OceanStreamIO · mihaiboldeanu · Nov 29, 2023 · Nov 29, 2023
diff --git a/oceanstream/L2_calibrated_data/__init__.py b/oceanstream/L2_calibrated_data/__init__.py
@@ -11,5 +11,5 @@
 from .processed_data_io import read_processed, write_processed
 from .sv_computation import compute_sv
 from .sv_dataset_extension import enrich_sv_dataset
-from .sv_interpolation import interpolate_sv
+from .sv_interpolation import interpolate_sv, regrid_dataset
 from .target_strength_computation import compute_target_strength
diff --git a/oceanstream/L2_calibrated_data/sv_interpolation.py b/oceanstream/L2_calibrated_data/sv_interpolation.py
@@ -8,10 +8,11 @@
 it offers edge filling capabilities to enhance the quality of interpolated echograms.
 """
 from pathlib import Path
-from typing import Union
+from typing import Hashable, Tuple, Union
 
 import numpy as np
 import xarray as xr
+from scipy.interpolate import interp1d
 
 from oceanstream.L2_calibrated_data.processed_data_io import read_processed
 
@@ -99,3 +100,180 @@ def interpolate_sv(
     dataset["Sv_interpolated"] = interpolated_sv
 
     return dataset
+
+
+def find_impacted_variables(
+    dataset: xr.Dataset, target_dim: str = "range_sample"
+) -> list[Hashable]:
+    """
+    Finds and lists the variable names in a given xarray Dataset that are associated with a specified dimension.
+
+    Parameters:
+    - dataset (xr.Dataset): The xarray Dataset to search for variables.
+    - target_dim (str, optional): The name of the target dimension to check in each variable. Defaults to "range_sample".
+
+    Returns:
+    - list[Hashable]: A list of variable names (hashable items) that have the target dimension.
+
+    Example:
+    >> impacted_vars = find_impacted_variables(dataset)
+    Expected Output:
+    A list of variable names from the dataset which have 'range_sample' as one of their dimensions.
+
+    >> impacted_vars = find_impacted_variables(dataset, target_dim='time')
+    Expected Output:
+    A list of variable names from the dataset which have 'time' as one of their dimensions.
+    """
+    variable_list = []
+    for var_name, data_array in dataset.variables.items():
+        if target_dim in data_array.dims and var_name != target_dim:
+            variable_list.append(var_name)
+    return variable_list
+
+
+def find_lowest_resolution_channel(dataset: xr.Dataset) -> Tuple[int, int]:
+    """
+    Finds the channel with the lowest resolution in a given xarray Dataset based on echo range data.
+
+    This function iterates over all channels in the dataset, identified by 'frequency_nominal',
+    and determines the channel that reaches the smallest maximum depth across all pings.
+    The depth is determined based on 'echo_range' values in the dataset.
+
+    Parameters:
+    - dataset (xr.Dataset): The xarray Dataset containing echo data and channel information.
+
+    Returns:
+    - Tuple[int, int]: A tuple containing the index of the channel with the lowest resolution
+      and the maximum depth index of that channel.
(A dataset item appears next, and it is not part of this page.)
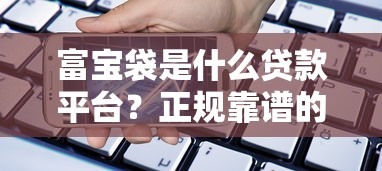 富宝袋是什么贷款平台？正规靠谱的借款渠道解析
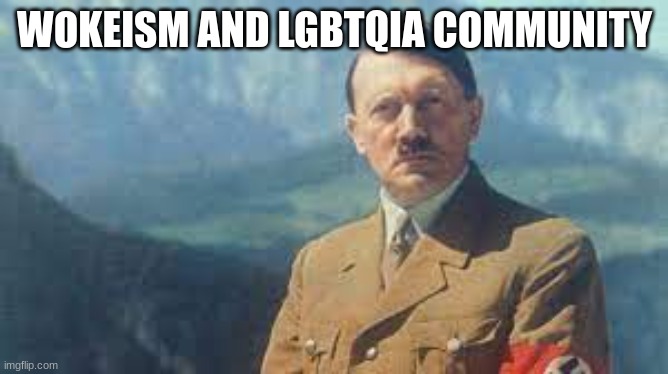 WOKEISM AND LGBTQIA COMMUNITY | made w/ Imgflip meme maker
The first element is the channel index,
+      and the second element is the maximum depth index within that channel.
+
+    Example:
+    >> lowest_res_channel, max_depth_index = find_lowest_resolution_channel(dataset)
+    Expected Output:
+    A tuple where the first element is the index of the channel with the lowest resolution,
+    and the second element is the maximum depth index within that channel.
+    """
+    arg_max_dataset = len(dataset["range_sample"].values)
+    return_channel = 0
+    for ch in range(len(dataset["frequency_nominal"])):
+        arg_max = np.max(np.nanargmax(dataset["echo_range"].values[ch, :, :], axis=1))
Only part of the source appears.